→ **Task item**
Nothing in the listing should be altered when it is copied, and no picture goes into the copy.

→ **Data segment**
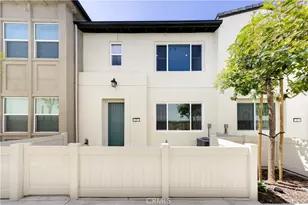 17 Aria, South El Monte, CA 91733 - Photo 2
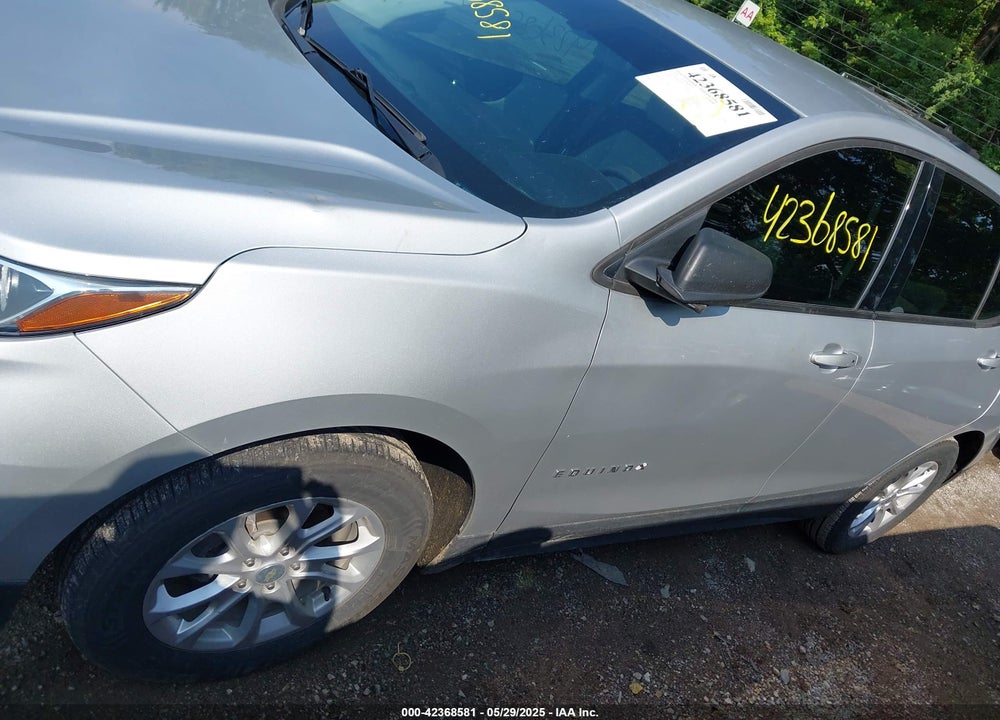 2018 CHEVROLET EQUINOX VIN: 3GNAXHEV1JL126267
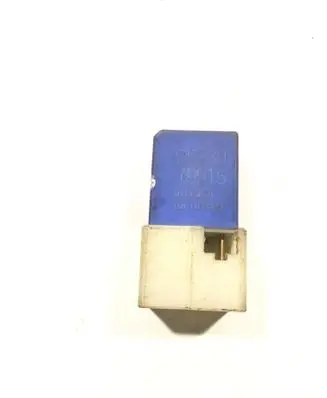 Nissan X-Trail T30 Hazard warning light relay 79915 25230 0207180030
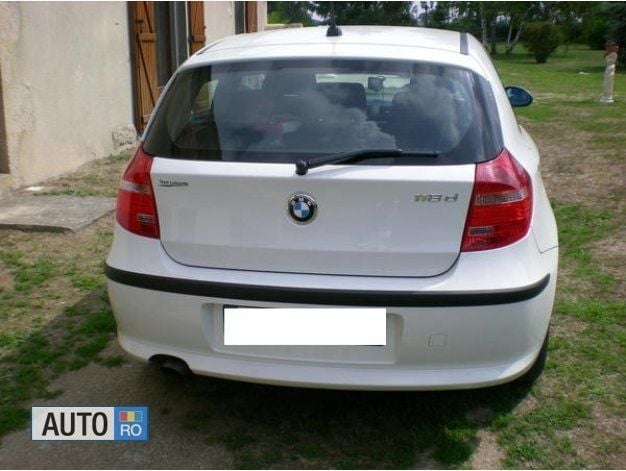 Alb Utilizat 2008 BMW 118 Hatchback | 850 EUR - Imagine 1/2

→ **Output for this exercise**
 17 Aria, South El Monte, CA 91733 - Photo 2
 2018 CHEVROLET EQUINOX VIN: 3GNAXHEV1JL126267
 Nissan X-Trail T30 Hazard warning light relay 79915 25230 0207180030
 Alb Utilizat 2008 BMW 118 Hatchback | 850 EUR - Imagine 1/2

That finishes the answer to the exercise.